(What the task requires): Using the data that follows, give again word for word the lines between the one holding "Washable Area Rug" and the one holding "Juego con 5", inclusive. Omit the pictures.

(Supplied material):
== Segment start ==

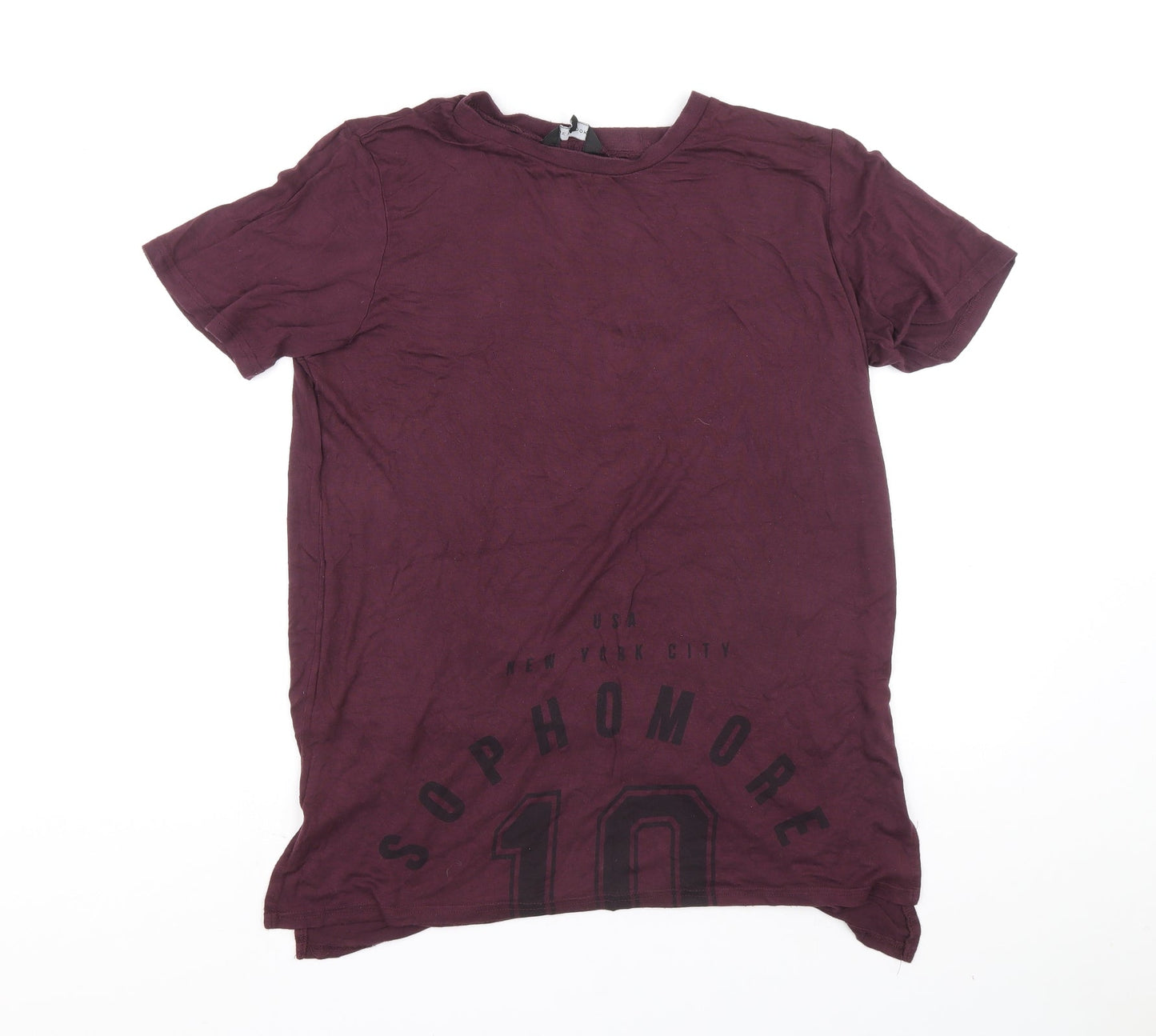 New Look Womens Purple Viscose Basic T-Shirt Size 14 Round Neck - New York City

== Segment end ==
== Segment start ==

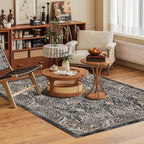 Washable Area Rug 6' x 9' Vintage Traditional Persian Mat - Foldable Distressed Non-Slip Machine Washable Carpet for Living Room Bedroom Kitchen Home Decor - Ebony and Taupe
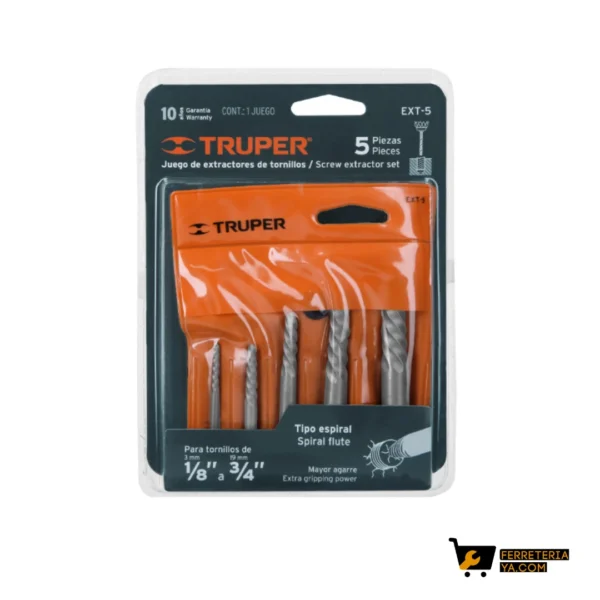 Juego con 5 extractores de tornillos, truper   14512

== Segment end ==
== Segment start ==

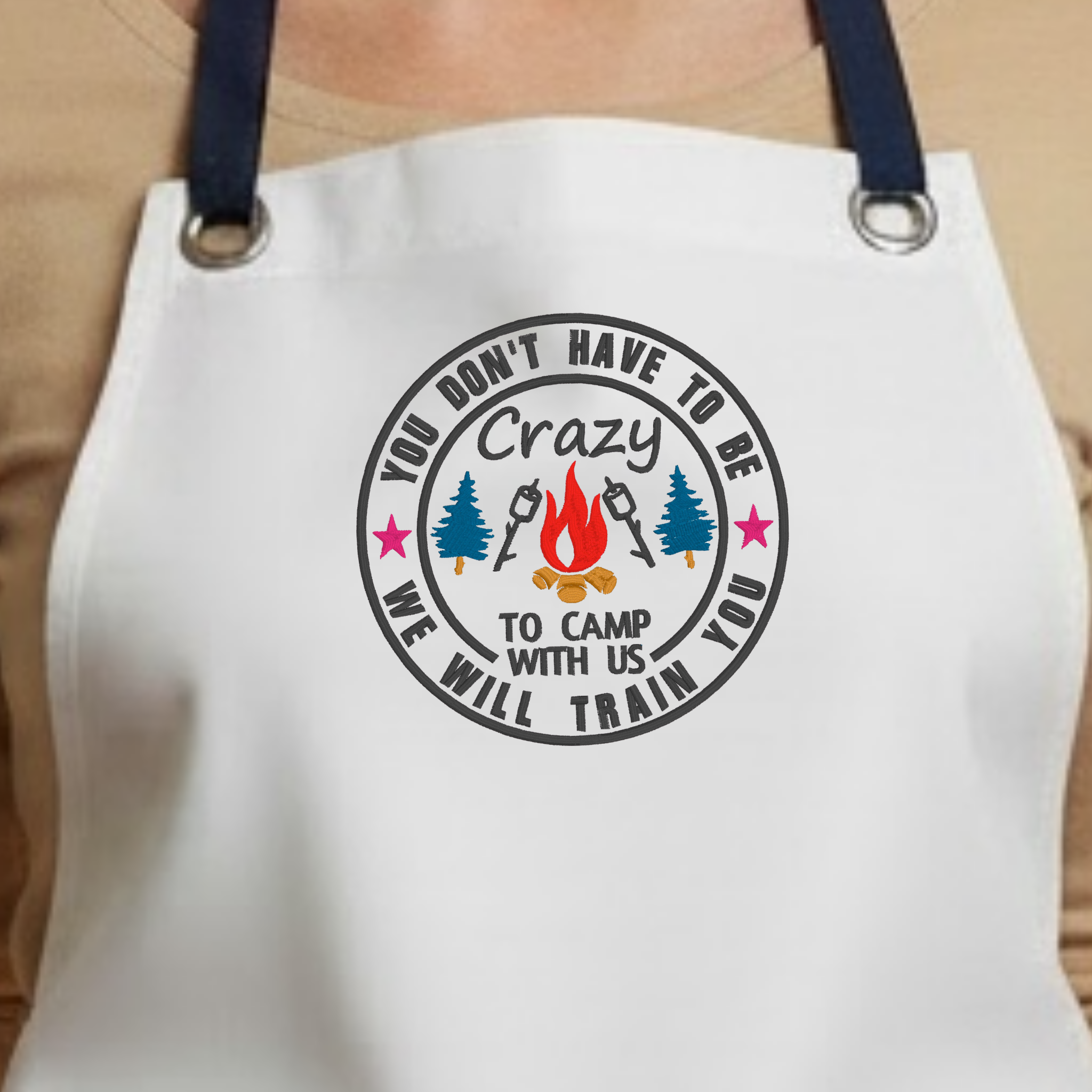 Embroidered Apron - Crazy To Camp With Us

== Segment end ==

(Answer for the task):
 Washable Area Rug 6' x 9' Vintage Traditional Persian Mat - Foldable Distressed Non-Slip Machine Washable Carpet for Living Room Bedroom Kitchen Home Decor - Ebony and Taupe
 Juego con 5 extractores de tornillos, truper   14512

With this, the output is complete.